Administrators also need to pay close attention to the extensions in use, as well as any introduced into the environment. Software supply chain management should already be a crucial practice and ensuring extensions are in-scope is equally as important. Reported in this year’s Verizon DBIR, 62% of intrusions in 2021 were related to supply chain attacks. This increasing trend has become a popular vector for bad actors and requires focus on the management of tools, code, and solutions introduced into your environment. While the likelihood of an extension that was developed with malicious intent is probably low today, with the public vulnerability disclosure there could be an increase over time.
In the context of CVE-2022-2625 organizations looking to manage their software supply chain should:
- Review the extension, its purpose and the code (if available) before it’s introduced
- Any updates should also be reviewed in a similar fashion
- Understand if the extension is actively maintained
- The use of Static Application Security Tools may identify issues in the future as researchers identify exploitation, but these tools are likely ineffective in surfacing these issues today
- When installing any new extensions, check what objects they will create and verify that none of those objects exist on your system already
- If any existing objects are found, it’s possible they were created by a malicious local user in anticipation of the extension being installed.
Aside from reviewing the software supply chain, it’s worth spending time on the layered controls around PostgreSQL. The primary concern surrounds a lower privileged user account, which the implementation of potential security controls across organizations may vary. Here are a few considerations for review:
- Audit the user accounts within the database
- Determine which credentials are managed within development pipelines and ensure those credentials have been properly secured
- Ensure unique credentials are being leveraged for each administrator, and that they are absolutely required for their role
- Shared accounts should be avoided, which makes traceability difficult
- Network access controls should limit ingress traffic from trusted sources, and egress traffic should also apply least-privileged traffic flows
- Rotate credentials that have not been properly secured
Organizations need to focus on ensuring there isn’t any existing exploitation in their initial response, meaning reviewing the database for objects that have had privileges escalated. If any are found, standard incident response processes should be engaged to investigate the source and impact of the finding. Assessing security controls and the software supply chain risks should follow.

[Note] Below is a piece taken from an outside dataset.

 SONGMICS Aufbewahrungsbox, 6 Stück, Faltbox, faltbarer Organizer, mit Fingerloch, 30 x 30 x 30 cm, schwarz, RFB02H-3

Having a CVSS rating of 7.1 for most organizations will mean this should get attention but likely without the immediacy of CVE-2022-1552 disclosed last quarter. For organizations and individuals, knowing if exploitation has occurred is priority number, and planning the upgrade should ensure there is no or little impact to the organization. For those who have yet to focus on the software dependencies or applying additional controls within their environment, this should serve as a driver for starting these practices.
As always, thank you to the community contributors and to the EDB staff for their work on this quarter’s release. As a leading contributor to the Postgres project, we will continue to work with the other members of the PostgreSQL community to identify and address security issues as they are reported.